R/Week4Project.R

################################################################
#########         This package extracts and cleans #############
#########    Macroeconomic data.                   #############
################################################################



#' Series test
#' 
#' This package has only four Macroeconomic data series currently being extracted. This functions checks if the chosen
#' series is available by this function.
#' 
#' @references This data is pulled from the Federal Reserve Bank of St. Louis (FRED).
#' 
#' @param series This is the name of the macroeconomic data series to extract from FRED. 
#' At this point series can take one of four sereis as an argument, RGDP (real Gross domestic product),
#' CPI (consumer price index), Unemploymentrate, (historical unemployment rates), Population,
#' this includes children and US service personel overseas, and Recession NBER dates for recessions.
#' 
#' @return A data frame is returned with a macroeconomic series that is ready to plot.

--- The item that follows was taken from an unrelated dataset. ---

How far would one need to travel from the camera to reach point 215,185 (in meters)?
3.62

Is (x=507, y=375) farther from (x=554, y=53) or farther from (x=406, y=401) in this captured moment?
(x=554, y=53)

ME_series<-function(series){
        avseries<-toupper(c("RGDP", "CPI", "Unemploymentrate", "Population","Recession"))
        test<-series %in% avseries 
        if(test==FALSE){
                stop("This data series is not available to this function")
        }else{
                xout<-TRUE
                return(xout)
        }
}

#' create a file index
#' 
#' This function assigns an index number to the series entered in the main function. This index number
#' is used serveral places to extract data for the call to FRED.
#' 
#' @param series. This input is controlled by other functions that call this function. It will be one of 
#' three macroeconomic data series, RGDP, CPI, Unempmloyment rate, or Populaton.
#' 
#' @return an integer is returned and is used to extract data in several other function calls.

fleindex<-function(series){                          #The output of this function tells r how to construct
        tst<-toupper(series)                         #a file sequence and a skip variable
        if(tst=="RGDP"){
                xout<-1
        }else if(tst=="CPI"){
                xout<-2
        }else if(tst=="UNEMPLOYMENTRATE"){
                xout<-3
        }else if(tst=="POPULATION"){
                xout<-4
        }else{
                xout<-5
        }
        return(xout)                                   #Returning an index for extracting data
}

#' Create an on line file extension
#' 
#' This function is fed information from the main function and the fleindex function. The function 
#' creates a url where macroeconomic data can be extracted from.
#' 
#' @param series. Series is a reference to a macroeconomic data series. At this point one of the 
#' series RGDP, CPI, Unemployment rate, or population.
#' 
#' @param indx. This is a number used to extract information about a call to the FRED. indx is determined 
#' by the function fleindex.
#' 
#' @return a url is returned that is used as the file extension to extract data from FRED.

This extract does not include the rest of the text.